Memory 720 may be or may include a plurality of, possibly different
memory units.
[0073] Executable code 725 may be any executable code, e.g., an
application, a program, a process, task or script. Executable code
725 may be executed by processor 705 possibly under control of
operating system 715. For example, executable code 725 may be or
include software for classifying examined data in a computerized
database, according to embodiments of the invention. In some
embodiments, more than one computing device 700 may be used. For
example, a plurality of computing devices that include components
similar to those included in computing device 700 may be connected
to a network and used as a system.
[0074] Storage 730 may be or may include, for example, a hard disk
drive, a floppy disk drive, a Compact Disk (CD) drive, a
CD-Recordable (CD-R) drive, a universal serial bus (USB) device or
other suitable removable and/or fixed storage unit.
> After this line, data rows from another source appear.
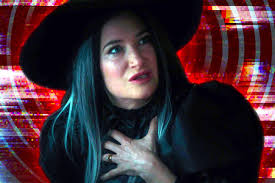 Wandavision Is Kathryn Hahn Really Playing Agatha Harkness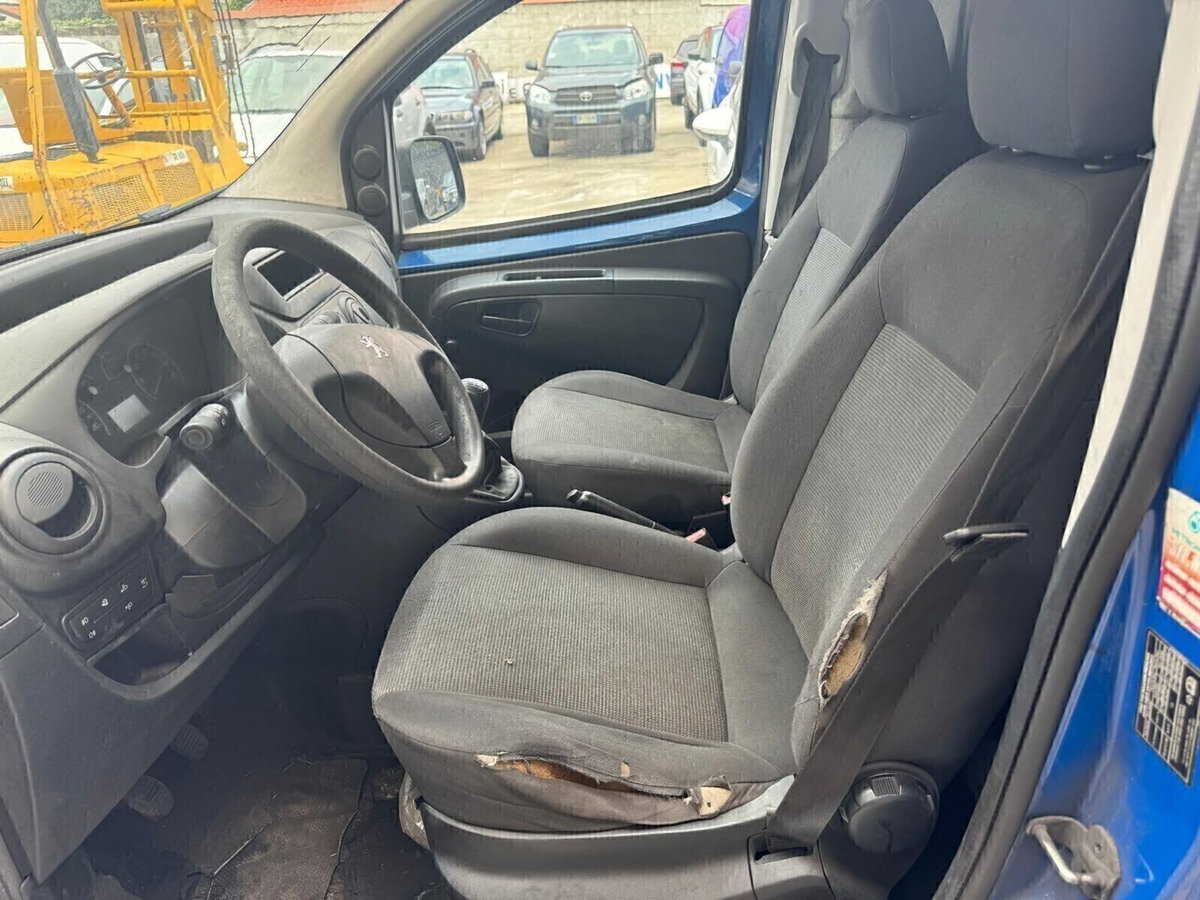 Peugeot Bipper 1.3 HDi 75 FAP Stop&Start Active (16)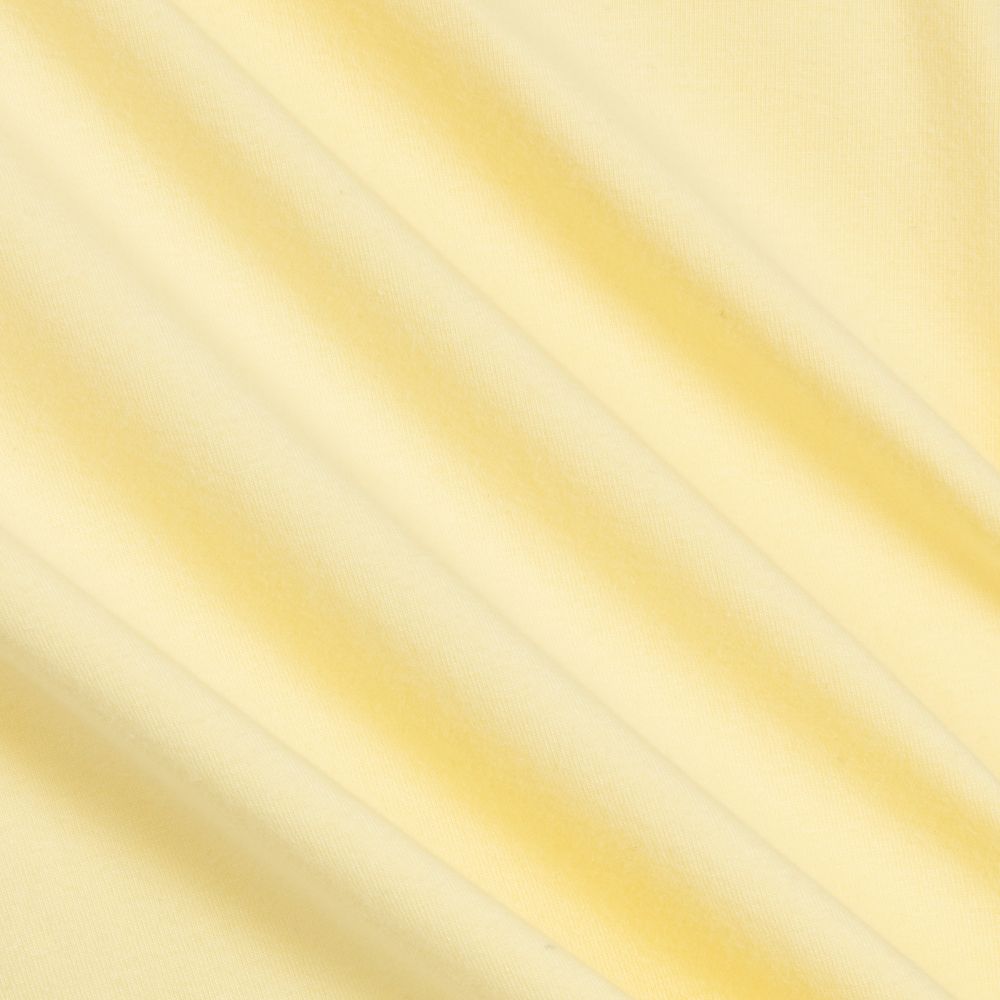 Mitch & Son-Boys Yellow Cotton T-Shirt | Childrensalon Outlet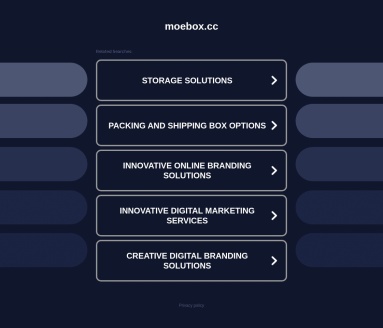 Moebox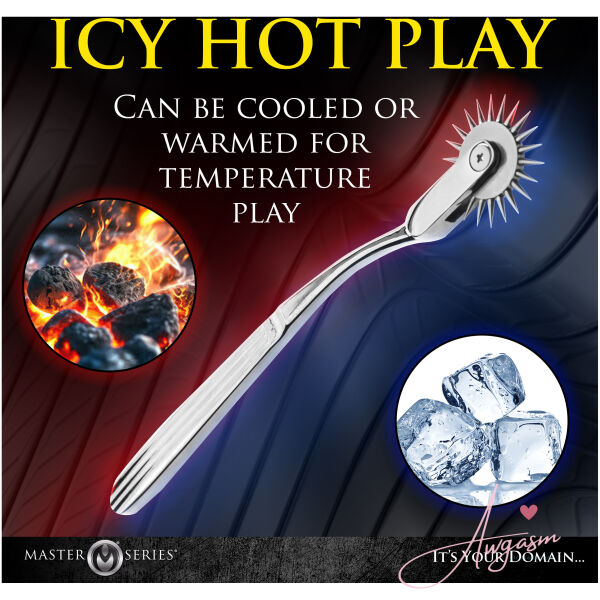 Silver Sensation Wartenberg Wheel - Image 6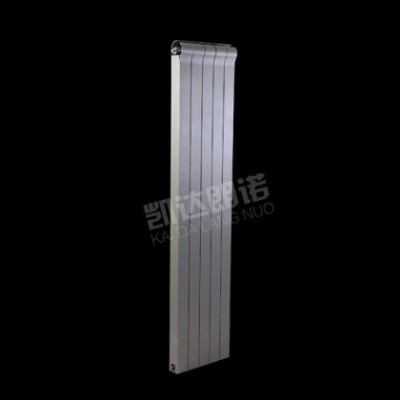 铜铝复合黑金刚散热器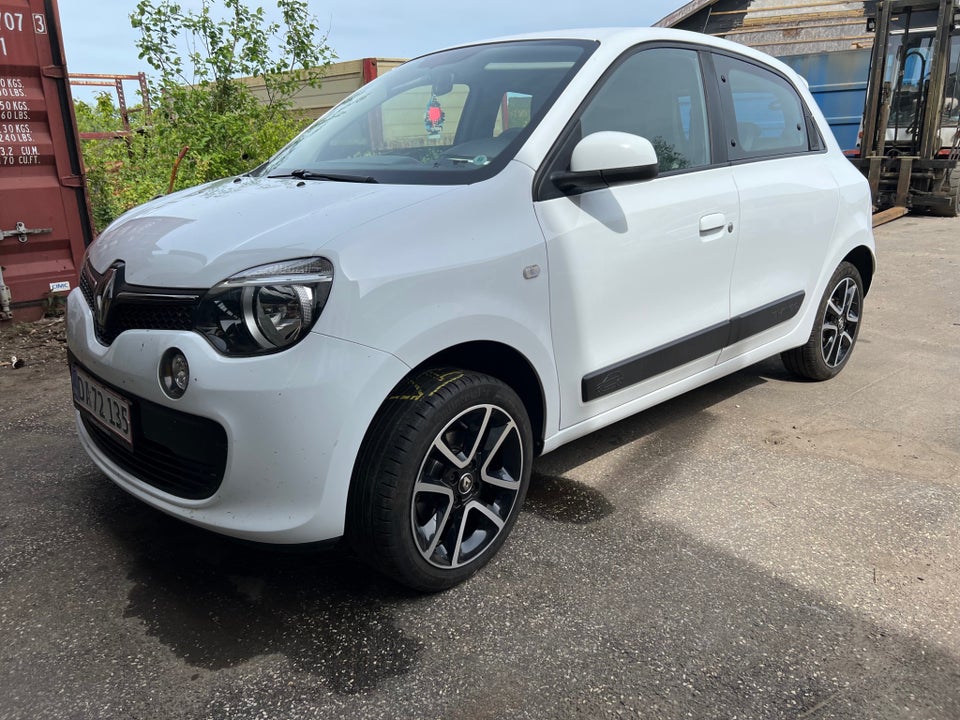 Renault Twingo 1,0 SCe 70 Expression 5d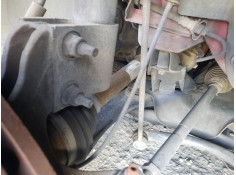 Recambio de transmision delantera izquierda para peugeot 307 break (3e) 1.6 hdi 110 referencia OEM IAM   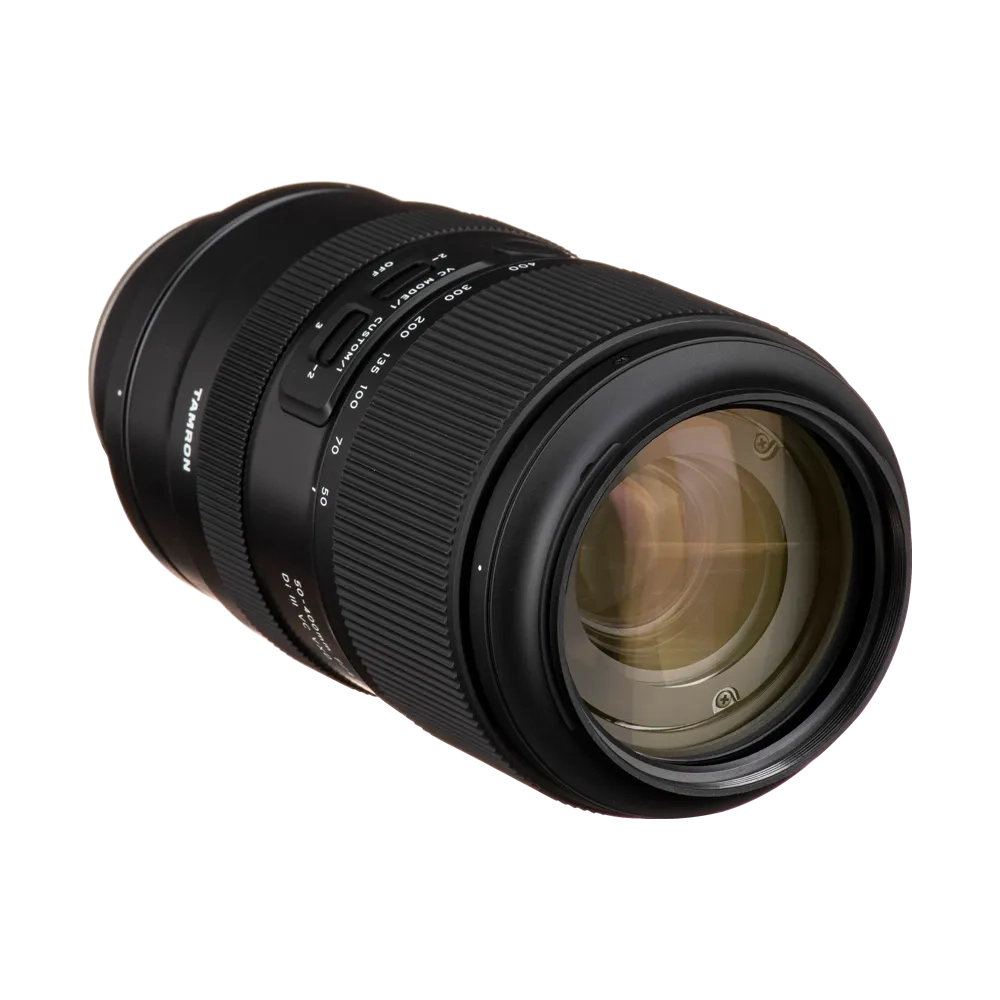 Объектив Tamron 50-400mm f/4.5-6.3 Di III VC VXD для Sony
Storage 730 may
include or may store one or more databases 760, In some
embodiments, some of the components shown in FIG. 4 may be omitted.
For example, memory 720 may be a non-volatile memory having the
storage capacity of storage 730. Accordingly, although shown as a
separate component, storage 730 may be embedded or included in
memory 720.
[0075] Database 760 may include data organized in any applicable
manner. Typically, the data in database 760 may be divided
logically into columns, where data in a column pertains to a single
data category. In many applications, each column in a database may
have or include metadata associated with the data in the column.
Database 760 may be at least partially implemented by one or more
remote storage devices 730 (e.g., in the "cloud").
[0076] Input devices 735 may be or may include a mouse, a keyboard,
a touch screen or pad or any suitable input device. It will be
recognized that any suitable number of input devices may be
operatively connected to computing device 700 as shown by block
735. Output devices 740 may include one or more displays, speakers
and/or any other suitable output devices. It will be recognized
that any suitable number of output devices may be operatively
connected to computing device 700 as shown by block 740. Any
applicable input/output (I/O) devices may be connected to computing
device 700 as shown by blocks 735 and 740. For example, a wired or
wireless network interface card (MC), a modem, printer or facsimile
machine, a universal serial bus (USB) device or external hard drive
may be included in input devices 735 and/or output devices 740.
Network interface 750 may enable device 700 to communicate with one
or more other computers or networks. For example, network interface
750 may include a Wi-Fi or Bluetooth device or connection, a
connection to an intranet or the internet, an antenna etc.
[0077] Embodiments described in this disclosure may include the use
of a special purpose or general-purpose computer including various
computer hardware or software modules, as discussed in greater
detail below.
[0078] Embodiments within the scope of this disclosure also include
computer-readable media, or non-transitory computer storage medium,
for carrying or having computer-executable instructions or data
structures stored thereon. The instructions when executed may cause
the processor to carry out embodiments of the invention. Such
computer-readable media, or computer storage medium, can be any
available media that can be accessed by a general purpose or
special purpose computer. By way of example, and not limitation,
such computer-readable media can comprise RAM, ROM, EEPROM, CD-ROM
or other optical disk storage, magnetic disk storage or other
magnetic storage devices, or any other medium which can be used to
carry or store desired program code means in the form of
computer-executable instructions or data structures and which can
be accessed by a general purpose or special purpose computer. When
information is transferred or provided over a network or another
communications connection (either hardwired, wireless, or a
combination of hardwired or wireless) to a computer, the computer
properly views the connection as a computer-readable medium. Thus,
any such connection is properly termed a computer-readable medium.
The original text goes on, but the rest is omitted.